── Source records

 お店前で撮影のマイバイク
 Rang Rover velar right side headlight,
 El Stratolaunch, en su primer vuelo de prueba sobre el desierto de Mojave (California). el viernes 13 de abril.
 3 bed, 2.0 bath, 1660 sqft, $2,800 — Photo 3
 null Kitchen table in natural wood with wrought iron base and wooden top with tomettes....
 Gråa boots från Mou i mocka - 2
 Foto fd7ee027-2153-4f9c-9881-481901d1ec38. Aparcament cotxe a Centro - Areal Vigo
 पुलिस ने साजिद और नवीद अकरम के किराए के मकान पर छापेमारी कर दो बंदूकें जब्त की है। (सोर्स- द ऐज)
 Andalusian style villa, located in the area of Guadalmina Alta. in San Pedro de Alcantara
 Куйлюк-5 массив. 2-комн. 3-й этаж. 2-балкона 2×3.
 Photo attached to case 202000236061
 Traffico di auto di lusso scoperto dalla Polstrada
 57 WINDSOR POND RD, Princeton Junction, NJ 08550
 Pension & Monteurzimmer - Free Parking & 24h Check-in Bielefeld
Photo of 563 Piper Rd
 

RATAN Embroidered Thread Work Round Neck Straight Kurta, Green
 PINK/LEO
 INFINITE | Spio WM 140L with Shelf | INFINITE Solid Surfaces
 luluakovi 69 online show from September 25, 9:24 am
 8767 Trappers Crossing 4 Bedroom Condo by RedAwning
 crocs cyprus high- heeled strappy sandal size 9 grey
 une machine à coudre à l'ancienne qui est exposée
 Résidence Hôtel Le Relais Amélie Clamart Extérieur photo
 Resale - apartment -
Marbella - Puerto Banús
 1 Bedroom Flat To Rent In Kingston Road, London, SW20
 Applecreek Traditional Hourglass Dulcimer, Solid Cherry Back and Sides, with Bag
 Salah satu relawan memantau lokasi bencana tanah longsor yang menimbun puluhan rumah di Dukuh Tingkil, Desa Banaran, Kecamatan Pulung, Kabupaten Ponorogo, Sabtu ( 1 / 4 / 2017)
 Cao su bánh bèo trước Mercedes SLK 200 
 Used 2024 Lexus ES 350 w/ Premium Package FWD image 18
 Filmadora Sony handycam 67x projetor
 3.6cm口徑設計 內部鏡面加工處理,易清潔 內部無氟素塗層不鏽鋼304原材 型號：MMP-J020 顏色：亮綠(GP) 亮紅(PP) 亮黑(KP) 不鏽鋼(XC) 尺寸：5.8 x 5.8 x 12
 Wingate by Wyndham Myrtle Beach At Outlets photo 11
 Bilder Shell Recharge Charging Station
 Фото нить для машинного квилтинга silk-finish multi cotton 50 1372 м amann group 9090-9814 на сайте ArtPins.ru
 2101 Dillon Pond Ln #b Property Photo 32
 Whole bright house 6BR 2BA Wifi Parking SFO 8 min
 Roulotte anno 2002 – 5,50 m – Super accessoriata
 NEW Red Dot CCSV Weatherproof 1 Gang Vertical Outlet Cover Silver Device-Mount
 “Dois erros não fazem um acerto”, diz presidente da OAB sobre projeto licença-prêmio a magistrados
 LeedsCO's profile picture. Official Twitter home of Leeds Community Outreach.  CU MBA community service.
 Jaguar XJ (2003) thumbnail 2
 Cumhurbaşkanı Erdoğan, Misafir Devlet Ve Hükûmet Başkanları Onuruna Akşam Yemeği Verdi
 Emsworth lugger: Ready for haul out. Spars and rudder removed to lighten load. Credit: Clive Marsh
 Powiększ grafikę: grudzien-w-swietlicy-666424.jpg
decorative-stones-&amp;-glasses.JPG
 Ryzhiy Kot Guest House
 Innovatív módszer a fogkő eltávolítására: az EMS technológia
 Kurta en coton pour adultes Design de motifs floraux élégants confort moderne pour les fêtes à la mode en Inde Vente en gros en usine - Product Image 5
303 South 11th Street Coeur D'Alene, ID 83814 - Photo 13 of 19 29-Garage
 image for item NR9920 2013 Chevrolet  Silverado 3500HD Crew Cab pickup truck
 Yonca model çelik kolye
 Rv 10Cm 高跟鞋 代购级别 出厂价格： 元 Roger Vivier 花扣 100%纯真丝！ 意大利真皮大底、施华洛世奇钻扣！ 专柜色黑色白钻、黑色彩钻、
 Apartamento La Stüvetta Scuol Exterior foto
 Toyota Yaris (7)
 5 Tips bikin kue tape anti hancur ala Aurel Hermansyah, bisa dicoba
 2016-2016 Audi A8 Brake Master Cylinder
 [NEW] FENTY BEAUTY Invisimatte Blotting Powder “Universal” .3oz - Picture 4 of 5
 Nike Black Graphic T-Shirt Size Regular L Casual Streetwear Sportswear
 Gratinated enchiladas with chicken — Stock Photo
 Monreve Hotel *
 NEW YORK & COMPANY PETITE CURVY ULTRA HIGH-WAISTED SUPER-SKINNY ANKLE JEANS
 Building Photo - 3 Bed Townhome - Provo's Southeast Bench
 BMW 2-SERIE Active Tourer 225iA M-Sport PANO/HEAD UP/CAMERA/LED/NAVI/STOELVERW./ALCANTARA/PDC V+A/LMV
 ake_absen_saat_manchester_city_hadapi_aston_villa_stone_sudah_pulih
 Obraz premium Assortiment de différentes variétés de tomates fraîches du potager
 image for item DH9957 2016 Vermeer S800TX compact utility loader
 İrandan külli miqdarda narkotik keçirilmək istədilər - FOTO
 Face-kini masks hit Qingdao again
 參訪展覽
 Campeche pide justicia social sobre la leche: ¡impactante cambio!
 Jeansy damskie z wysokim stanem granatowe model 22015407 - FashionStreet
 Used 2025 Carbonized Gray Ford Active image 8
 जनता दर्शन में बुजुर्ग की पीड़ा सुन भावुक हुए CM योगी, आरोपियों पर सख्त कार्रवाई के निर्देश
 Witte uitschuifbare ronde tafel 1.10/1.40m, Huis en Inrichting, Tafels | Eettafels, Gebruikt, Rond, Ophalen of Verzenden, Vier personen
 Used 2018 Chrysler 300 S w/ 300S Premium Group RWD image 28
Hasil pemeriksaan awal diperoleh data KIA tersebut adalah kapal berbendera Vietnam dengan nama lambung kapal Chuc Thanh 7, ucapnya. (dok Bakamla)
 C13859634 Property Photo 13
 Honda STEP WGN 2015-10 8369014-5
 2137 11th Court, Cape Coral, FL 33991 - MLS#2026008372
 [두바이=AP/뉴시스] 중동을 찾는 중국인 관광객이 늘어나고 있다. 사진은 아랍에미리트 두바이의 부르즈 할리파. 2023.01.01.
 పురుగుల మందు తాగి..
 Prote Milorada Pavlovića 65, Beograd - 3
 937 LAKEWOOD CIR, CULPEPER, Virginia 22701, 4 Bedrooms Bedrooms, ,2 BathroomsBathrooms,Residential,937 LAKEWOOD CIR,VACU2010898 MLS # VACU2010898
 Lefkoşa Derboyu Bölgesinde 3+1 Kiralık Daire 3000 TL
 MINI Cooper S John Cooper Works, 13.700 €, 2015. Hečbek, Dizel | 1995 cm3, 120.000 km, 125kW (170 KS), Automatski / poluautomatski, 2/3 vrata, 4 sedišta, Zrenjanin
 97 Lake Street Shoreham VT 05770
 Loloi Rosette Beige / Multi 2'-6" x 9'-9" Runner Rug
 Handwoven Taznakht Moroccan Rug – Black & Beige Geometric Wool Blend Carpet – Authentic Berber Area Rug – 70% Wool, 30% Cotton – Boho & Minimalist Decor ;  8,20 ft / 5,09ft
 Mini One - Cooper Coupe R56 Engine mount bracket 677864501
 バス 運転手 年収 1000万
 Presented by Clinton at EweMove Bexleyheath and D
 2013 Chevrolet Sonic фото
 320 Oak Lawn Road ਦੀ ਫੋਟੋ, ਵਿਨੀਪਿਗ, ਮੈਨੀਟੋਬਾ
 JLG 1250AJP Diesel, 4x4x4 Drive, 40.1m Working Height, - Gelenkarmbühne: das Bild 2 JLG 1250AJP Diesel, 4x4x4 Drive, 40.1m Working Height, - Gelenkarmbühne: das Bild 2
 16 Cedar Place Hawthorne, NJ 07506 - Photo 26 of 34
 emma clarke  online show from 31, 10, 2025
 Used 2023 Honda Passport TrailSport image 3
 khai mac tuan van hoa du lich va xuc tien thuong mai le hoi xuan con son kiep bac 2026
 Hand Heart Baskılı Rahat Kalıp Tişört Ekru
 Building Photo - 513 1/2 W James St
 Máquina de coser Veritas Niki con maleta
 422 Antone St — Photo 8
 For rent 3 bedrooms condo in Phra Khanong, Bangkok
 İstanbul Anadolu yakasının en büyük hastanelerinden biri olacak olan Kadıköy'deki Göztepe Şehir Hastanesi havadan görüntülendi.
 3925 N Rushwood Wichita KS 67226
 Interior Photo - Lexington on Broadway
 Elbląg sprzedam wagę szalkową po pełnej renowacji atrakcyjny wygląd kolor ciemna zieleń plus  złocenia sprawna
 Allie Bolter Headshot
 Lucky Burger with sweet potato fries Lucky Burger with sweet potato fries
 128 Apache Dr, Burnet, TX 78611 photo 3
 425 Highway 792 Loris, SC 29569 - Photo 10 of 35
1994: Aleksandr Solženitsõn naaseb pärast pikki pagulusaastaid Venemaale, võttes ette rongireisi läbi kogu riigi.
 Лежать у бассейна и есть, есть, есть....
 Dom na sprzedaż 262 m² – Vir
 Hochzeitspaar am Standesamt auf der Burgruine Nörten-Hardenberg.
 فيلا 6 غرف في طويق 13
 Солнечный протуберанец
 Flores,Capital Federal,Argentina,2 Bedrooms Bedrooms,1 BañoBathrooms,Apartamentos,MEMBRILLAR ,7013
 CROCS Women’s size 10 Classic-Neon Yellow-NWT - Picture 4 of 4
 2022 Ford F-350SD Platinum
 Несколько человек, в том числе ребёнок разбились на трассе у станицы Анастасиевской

────

Description of the task
Your output should consist solely of the lines from the beginning of the entries through the line containing "पुलिस ने साजिद", reproduced exactly.

Output for this task
 お店前で撮影のマイバイク
 Rang Rover velar right side headlight,
 El Stratolaunch, en su primer vuelo de prueba sobre el desierto de Mojave (California). el viernes 13 de abril.
 3 bed, 2.0 bath, 1660 sqft, $2,800 — Photo 3
 null Kitchen table in natural wood with wrought iron base and wooden top with tomettes....
 Gråa boots från Mou i mocka - 2
 Foto fd7ee027-2153-4f9c-9881-481901d1ec38. Aparcament cotxe a Centro - Areal Vigo
 पुलिस ने साजिद और नवीद अकरम के किराए के मकान पर छापेमारी कर दो बंदूकें जब्त की है। (सोर्स- द ऐज)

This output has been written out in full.